I've spent all my life to this point mimicking those around me in order to try to fit in. Not knowing that I had Asperger's, I saw mimicking different people/social groups as my way of connecting with people as I would never feel like I could actually truly connect with them.
It's made life pretty difficult and caused so much anxiety/panic attacks/meltdowns until recently.


I've done this since childhood, and never understood why. I sort of thought it was normal until i reached my teenage years and started having identity issues, which have only gotten worse. I've mimicked so many people to fit in that i don't think i got to know who ky true self was. I adopted all these characteristics and made many decisions based on what i thought others would think or do (or what i thought i was supposed to do). But i executed those decisions awkwardly or without fully realizing the consequences and got myself into some very embarrassing situations. I also think it contributed to what felt/seemed like moodiness because there were times id get so worn out doing it i just couldn't anymore and would shut down or react unusually.
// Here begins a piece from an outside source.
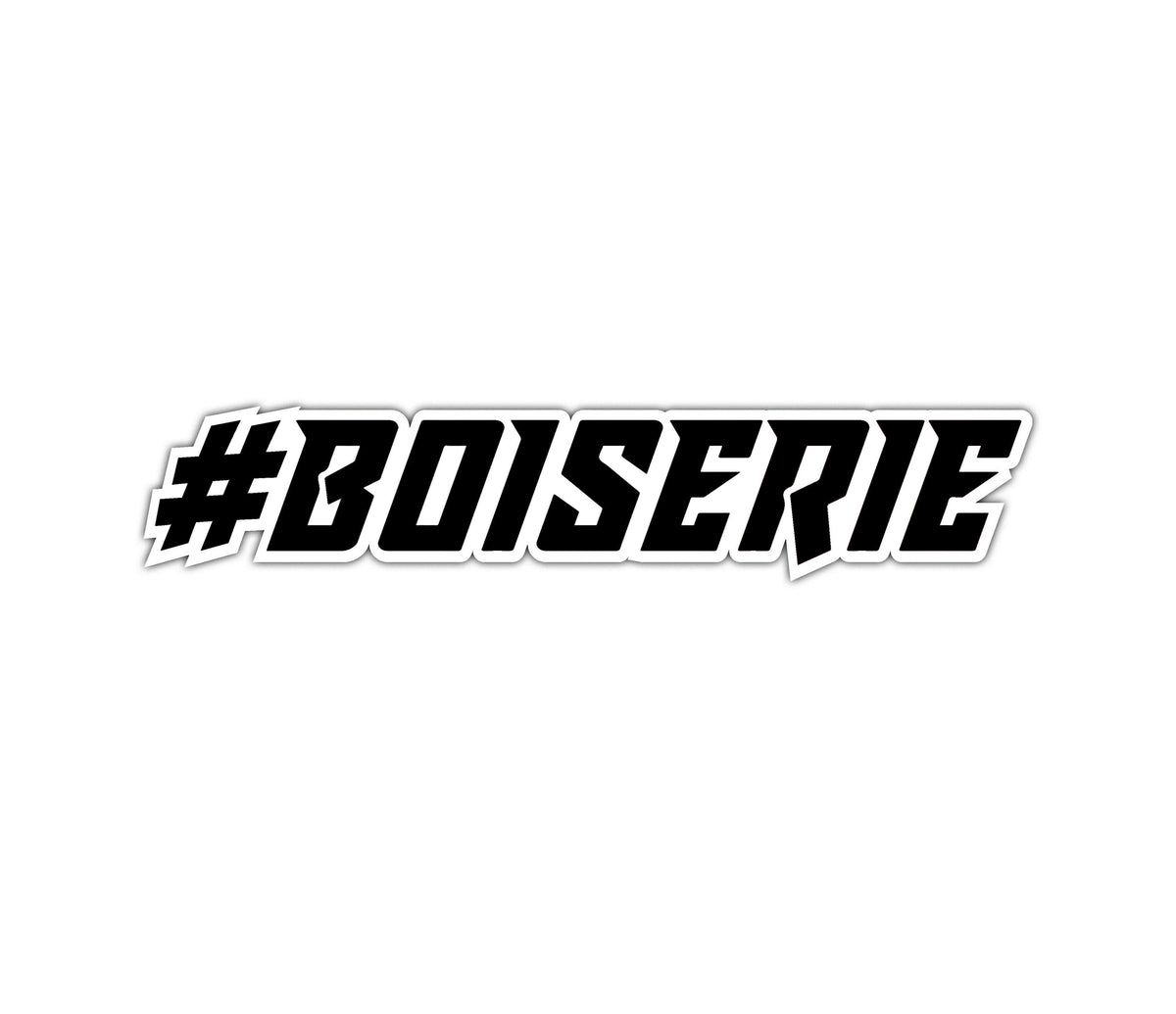 STICKERS COULEURS PARE-BRISE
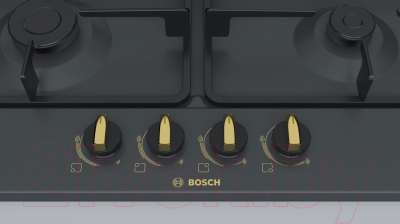 Комплект встраиваемой техники Bosch HBFN30EA0 + PGP6B3B60R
It felt like lieing then at times, and once i realized i may have AS, i felt even more like i was lieing to myself and everyone else. Im trying to let myself be myself more, but when im around certain people or at work sometimes i automatically go back to acting. When i don't people think there's something wrong with me. I can't stand always feeling like i have to act a certain way just to accommodate others.

As far as telling lies to people, i definitely picked that up from watching others. I always feel a little guilty even if it's just a white lie to make someone feel better or to keep from getting in trouble. . It makes me really uncomfortable. In some situations it never even occurred to me that i always"should" lie until my peers told me.